### INTRO

* combines predictions of multiple estimators with a learning algorithm
* family 1: "averaging methods"
   * (bagging, tree forests,...)
* family 2: "boosting methods" = combine weak models to produce better one.
   * (Adaboost, gradient tree boosting,...)

### BAGGING

[API](http://scikit-learn.org/stable/modules/generated/sklearn.ensemble.BaggingClassifier.html#sklearn.ensemble.BaggingClassifier) | [demo: bias-variance analysis](plot_bias_variance.ipynb)

* many variants, mostly re: how random subsets are selected
* `max_samples`,`max_features` controls subset size
* `bootstrap`,`bootstrap_features` controls with/without replacements



In [11]:
from sklearn.ensemble import BaggingClassifier
from sklearn.neighbors import KNeighborsClassifier
bagging = BaggingClassifier(KNeighborsClassifier(),
                            max_samples=0.5, max_features=0.5)

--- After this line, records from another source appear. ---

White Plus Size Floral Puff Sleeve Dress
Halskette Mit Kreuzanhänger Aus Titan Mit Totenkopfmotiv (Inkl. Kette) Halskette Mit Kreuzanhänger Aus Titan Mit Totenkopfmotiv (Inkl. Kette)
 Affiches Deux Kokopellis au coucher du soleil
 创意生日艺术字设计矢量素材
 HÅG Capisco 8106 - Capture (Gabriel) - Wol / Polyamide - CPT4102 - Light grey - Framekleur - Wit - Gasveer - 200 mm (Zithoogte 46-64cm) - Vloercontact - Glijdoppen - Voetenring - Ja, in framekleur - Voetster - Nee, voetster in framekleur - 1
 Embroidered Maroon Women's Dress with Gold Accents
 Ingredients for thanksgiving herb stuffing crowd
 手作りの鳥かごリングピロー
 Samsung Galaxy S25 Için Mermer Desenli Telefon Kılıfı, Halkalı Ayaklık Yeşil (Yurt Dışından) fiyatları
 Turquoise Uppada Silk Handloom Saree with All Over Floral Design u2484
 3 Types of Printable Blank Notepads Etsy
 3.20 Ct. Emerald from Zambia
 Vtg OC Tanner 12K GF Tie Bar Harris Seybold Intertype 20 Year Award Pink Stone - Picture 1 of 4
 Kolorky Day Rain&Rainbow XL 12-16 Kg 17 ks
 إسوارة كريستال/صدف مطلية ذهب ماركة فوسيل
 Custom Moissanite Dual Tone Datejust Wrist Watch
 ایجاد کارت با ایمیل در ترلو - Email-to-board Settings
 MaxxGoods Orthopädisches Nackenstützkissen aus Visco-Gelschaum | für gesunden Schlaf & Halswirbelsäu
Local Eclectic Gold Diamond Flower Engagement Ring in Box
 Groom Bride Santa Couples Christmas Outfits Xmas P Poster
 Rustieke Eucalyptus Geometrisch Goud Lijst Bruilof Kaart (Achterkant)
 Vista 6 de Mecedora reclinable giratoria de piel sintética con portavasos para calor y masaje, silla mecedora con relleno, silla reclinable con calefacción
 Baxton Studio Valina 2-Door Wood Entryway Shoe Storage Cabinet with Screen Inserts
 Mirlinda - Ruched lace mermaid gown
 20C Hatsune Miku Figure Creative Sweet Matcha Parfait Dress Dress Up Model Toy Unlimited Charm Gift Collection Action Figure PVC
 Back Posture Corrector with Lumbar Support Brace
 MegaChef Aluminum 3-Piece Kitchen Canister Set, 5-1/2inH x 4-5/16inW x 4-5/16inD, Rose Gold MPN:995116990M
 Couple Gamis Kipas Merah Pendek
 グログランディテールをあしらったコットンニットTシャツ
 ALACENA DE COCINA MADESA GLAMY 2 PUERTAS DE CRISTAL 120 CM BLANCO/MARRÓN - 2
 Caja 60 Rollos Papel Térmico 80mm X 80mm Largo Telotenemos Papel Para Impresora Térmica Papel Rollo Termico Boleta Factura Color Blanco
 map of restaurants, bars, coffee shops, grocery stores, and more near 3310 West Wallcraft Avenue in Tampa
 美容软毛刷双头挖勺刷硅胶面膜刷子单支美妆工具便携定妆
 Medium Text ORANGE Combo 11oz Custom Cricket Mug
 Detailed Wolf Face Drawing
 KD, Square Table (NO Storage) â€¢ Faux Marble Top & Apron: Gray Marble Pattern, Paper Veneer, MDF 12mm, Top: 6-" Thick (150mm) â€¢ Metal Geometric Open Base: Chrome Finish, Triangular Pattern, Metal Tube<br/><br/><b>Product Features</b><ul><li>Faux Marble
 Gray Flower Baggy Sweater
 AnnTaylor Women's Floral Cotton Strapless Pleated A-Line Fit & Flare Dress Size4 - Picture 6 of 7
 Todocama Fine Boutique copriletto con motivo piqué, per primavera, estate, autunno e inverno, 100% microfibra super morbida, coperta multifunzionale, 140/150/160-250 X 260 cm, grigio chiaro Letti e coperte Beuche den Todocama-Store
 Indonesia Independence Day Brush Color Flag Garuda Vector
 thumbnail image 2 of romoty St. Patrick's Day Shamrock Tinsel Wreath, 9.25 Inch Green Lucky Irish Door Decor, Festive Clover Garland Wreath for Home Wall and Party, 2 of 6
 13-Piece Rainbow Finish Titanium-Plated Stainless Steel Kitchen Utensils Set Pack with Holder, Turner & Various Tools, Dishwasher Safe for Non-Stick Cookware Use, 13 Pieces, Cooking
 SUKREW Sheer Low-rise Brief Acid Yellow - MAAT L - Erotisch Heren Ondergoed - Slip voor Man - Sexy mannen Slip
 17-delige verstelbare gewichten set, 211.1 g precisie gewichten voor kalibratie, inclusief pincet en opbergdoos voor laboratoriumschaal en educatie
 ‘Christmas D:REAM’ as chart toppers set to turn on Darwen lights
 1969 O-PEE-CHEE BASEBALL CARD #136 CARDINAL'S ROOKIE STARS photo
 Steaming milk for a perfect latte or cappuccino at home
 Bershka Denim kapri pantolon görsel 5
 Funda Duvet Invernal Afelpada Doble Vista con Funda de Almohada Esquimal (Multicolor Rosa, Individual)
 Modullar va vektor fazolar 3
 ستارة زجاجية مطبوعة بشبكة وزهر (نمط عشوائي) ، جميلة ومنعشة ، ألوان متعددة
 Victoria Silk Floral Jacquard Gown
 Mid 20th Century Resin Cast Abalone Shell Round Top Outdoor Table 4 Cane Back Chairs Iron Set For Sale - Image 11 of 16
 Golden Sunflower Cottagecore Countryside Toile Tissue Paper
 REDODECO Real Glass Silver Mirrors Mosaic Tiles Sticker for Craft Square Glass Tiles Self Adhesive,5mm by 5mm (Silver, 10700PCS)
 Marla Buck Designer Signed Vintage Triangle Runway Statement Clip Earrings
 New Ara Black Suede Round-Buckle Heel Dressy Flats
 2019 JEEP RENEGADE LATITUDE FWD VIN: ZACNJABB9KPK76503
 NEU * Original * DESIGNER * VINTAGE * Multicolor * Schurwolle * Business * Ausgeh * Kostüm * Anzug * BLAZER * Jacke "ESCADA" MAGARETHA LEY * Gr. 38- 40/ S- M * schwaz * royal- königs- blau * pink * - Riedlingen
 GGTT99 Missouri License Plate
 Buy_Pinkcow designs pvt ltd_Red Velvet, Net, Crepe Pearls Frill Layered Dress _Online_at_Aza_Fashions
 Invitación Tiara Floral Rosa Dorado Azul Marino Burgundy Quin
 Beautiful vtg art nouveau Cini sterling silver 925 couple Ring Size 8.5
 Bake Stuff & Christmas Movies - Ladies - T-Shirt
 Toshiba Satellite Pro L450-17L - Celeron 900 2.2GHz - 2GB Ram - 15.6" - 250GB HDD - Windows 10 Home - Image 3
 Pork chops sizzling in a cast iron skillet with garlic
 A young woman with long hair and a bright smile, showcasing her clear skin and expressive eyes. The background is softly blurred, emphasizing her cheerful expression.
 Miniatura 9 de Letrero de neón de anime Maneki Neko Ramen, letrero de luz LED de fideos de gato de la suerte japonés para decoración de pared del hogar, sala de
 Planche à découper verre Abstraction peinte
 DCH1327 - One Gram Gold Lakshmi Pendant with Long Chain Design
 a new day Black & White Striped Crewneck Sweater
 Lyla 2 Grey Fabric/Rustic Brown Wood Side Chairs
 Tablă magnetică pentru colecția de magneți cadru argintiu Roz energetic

### FORESTS OF RANDOMIZED TREES

[API (classifier)](http://scikit-learn.org/stable/modules/generated/sklearn.ensemble.RandomForestClassifier.html#sklearn.ensemble.RandomForestClassifier)

[demo](plot_calibration_multiclass.ipynb)

* two averaging algos: RandomForest, Extra-Trees

In [12]:
from sklearn.ensemble import RandomForestClassifier
X = [[0, 0], [1, 1]]
Y = [0, 1]
clf = RandomForestClassifier(n_estimators=10)
clf = clf.fit(X, Y)

### EXTEMELY RANDOMIZED TREES

[Classifer](http://scikit-learn.org/stable/modules/generated/sklearn.ensemble.ExtraTreesClassifier.html#sklearn.ensemble.ExtraTreesClassifier) | [Regressor](http://scikit-learn.org/stable/modules/generated/sklearn.ensemble.ExtraTreesRegressor.html#sklearn.ensemble.ExtraTreesRegressor) |
[demo:plot forest iris](plot_forest_iris.ipynb)

* Can adjust relative feature rank (depth) to asses importance compared to target predictability. Features at top of tree = contribute to decision surface on a larger fraction of inputs.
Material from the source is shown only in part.